A major solar storm could cause an ‘internet apocalypse’

Countries could be without internet connection for months

The Sun is constantly bombarding Earth with electromagnetic particles in the form of solar wind, which mostly dance their way harmlessly to the poles of the planet leaving behind shimmering auroras. Occasionally however, every one hundred years or so, the wind transforms into a full solar storm, which could have significant consequences for modern life.

New research presented at SIGCOMM 2021 – a leading annual communication technology conference – warns that, if severe enough, the next solar storm could plunge the world into an “internet apocalypse” that keeps large swathes of society offline for weeks or even months at a time. 

Sangeetha Abdu Jyothi, an assistant professor at the University of California and author of the research paper told WIRED: “What really got me thinking about this is that with the pandemic we saw how unprepared the world was. There was no protocol to deal with it effectively, and it’s the same with internet resilience... our infrastructure is not prepared for a large-scale solar event.”

Abdu Jyothi’s paper states that these violent solar events, also known as coronal mass ejections, have a 1.6 to 12 per cent chance per decade of impacting Earth directly. The last major such event to hit the planet was recorded in 1859, named the Carrington Event, and was so severe that in the US telegraph wires burst into flames, fire poured from circuits, and auroras were visible as far south as equatorial Colombia.

The world is much more reliant on communications technology today than it was then, with Abdu Jyothi predicting that just one day without the internet could cost the US $7 billion (£5.08 billion). “What if the network remains non-functional for days or even months?” Abdu Jyothi adds in her paper.

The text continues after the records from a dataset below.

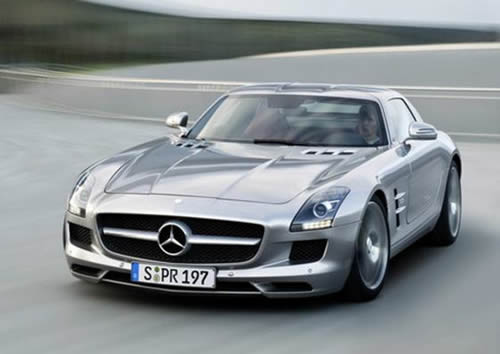 2011÷˹-SLS AMG-һ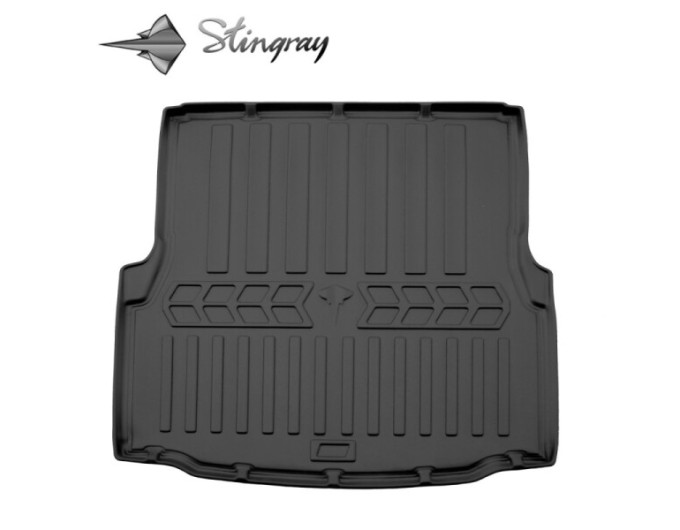 Bmw 3D коврик в багажник 3 (Е46) (1998-2006) (sedan) (Stingray), цена: 1 302 грн.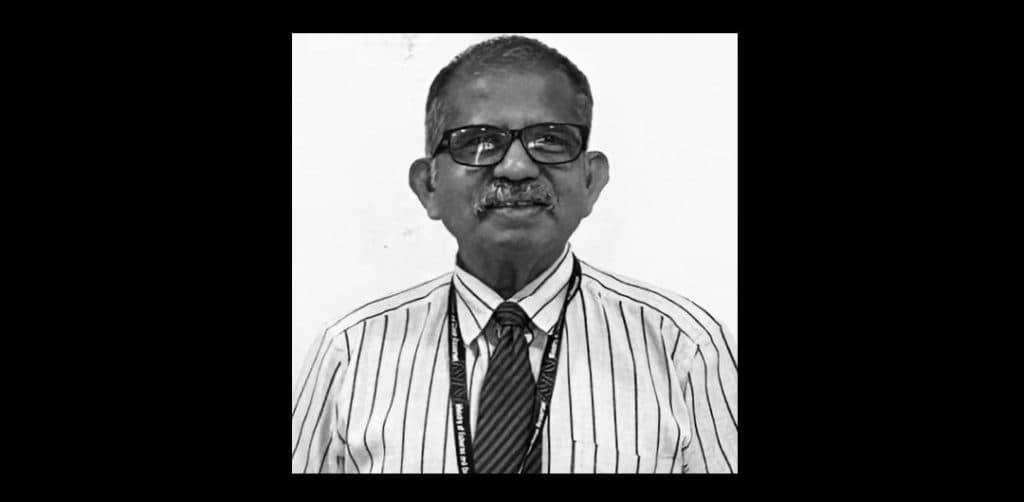 ކަނޑުގެ ދިރުންތަކުގެ ދިރާސާކުރުމުގައި 40 އަހަރު ހޭދަކުރެއްވި ޝަކީލް ނިޔާވެއްޖެ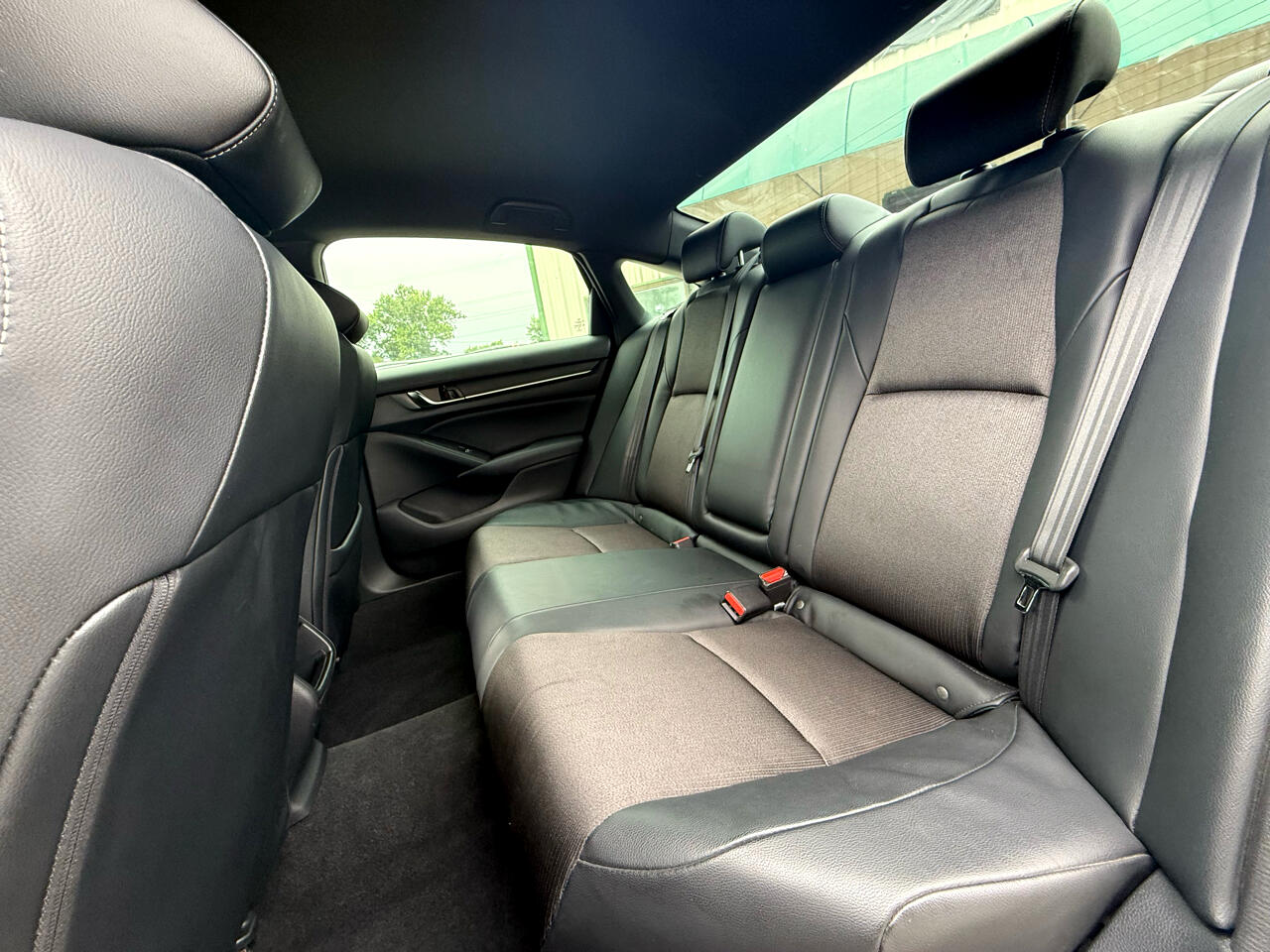 Honda Accord Sport CVT 2018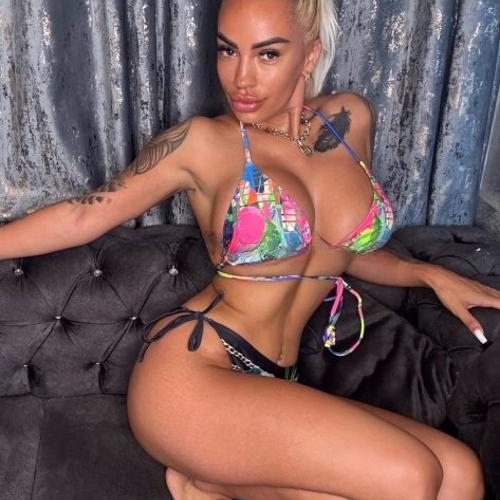 Barbi — Escort in Bukarest
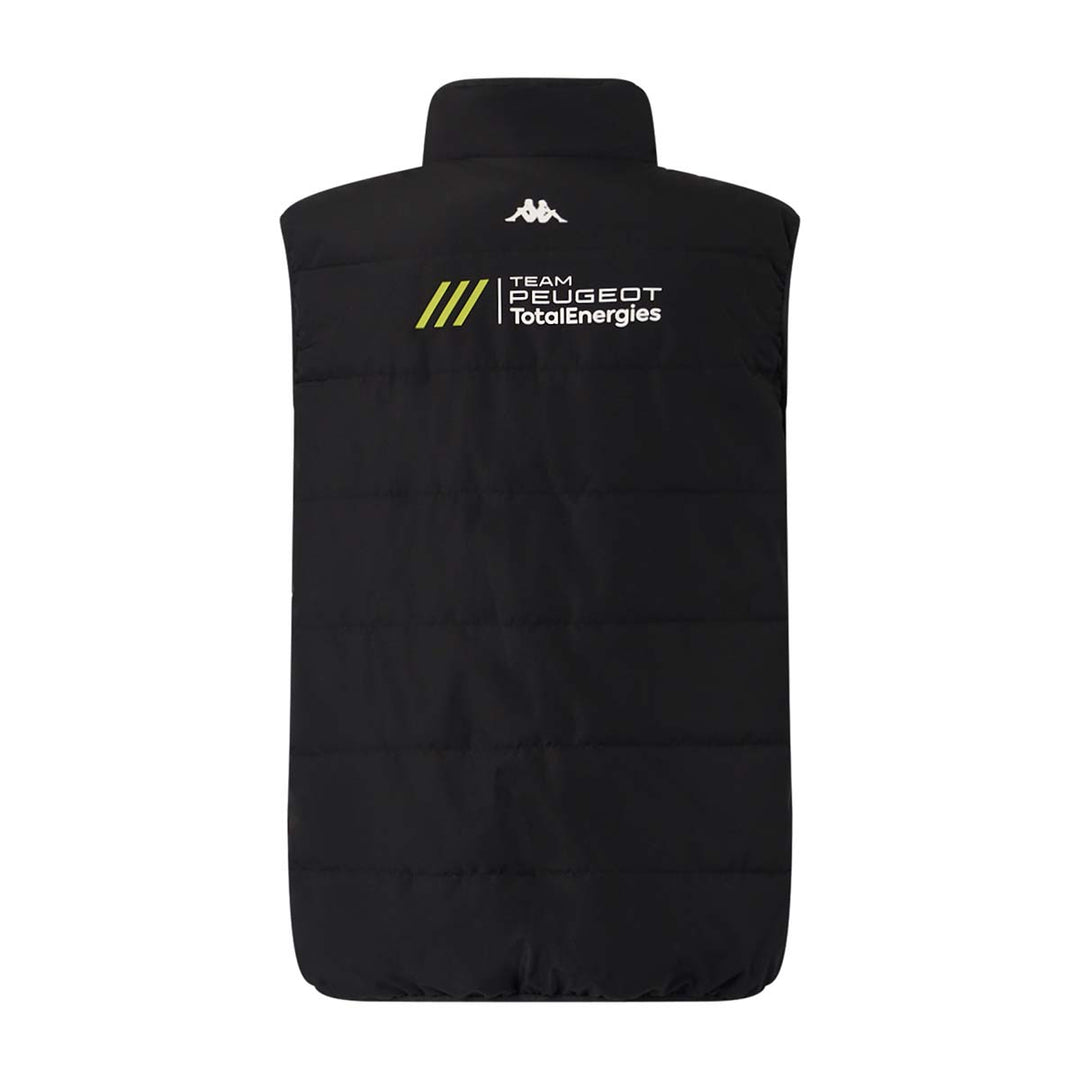 Doudoune Arafleso Peugeot Sport 2025 Noir Homme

Local internet connections, however are not at risk as fibre-optic cabling is not directly affected by geomagnetic events. It is the long undersea cables connecting continents that are vulnerable to disruption, and if enough of them fail, entire continents face being cut off from one another. The US and the UK are among the nations most at risk here, due to their high latitudes, according to the paper. 

While it is not easy to predict how long it would take to repair underwater infrastructure, Abdu Jyothi adds that the Earth will have roughly a 13 hour warning to prepare for the arrival of a severe solar storm. Hopefully we can be ready when the time comes.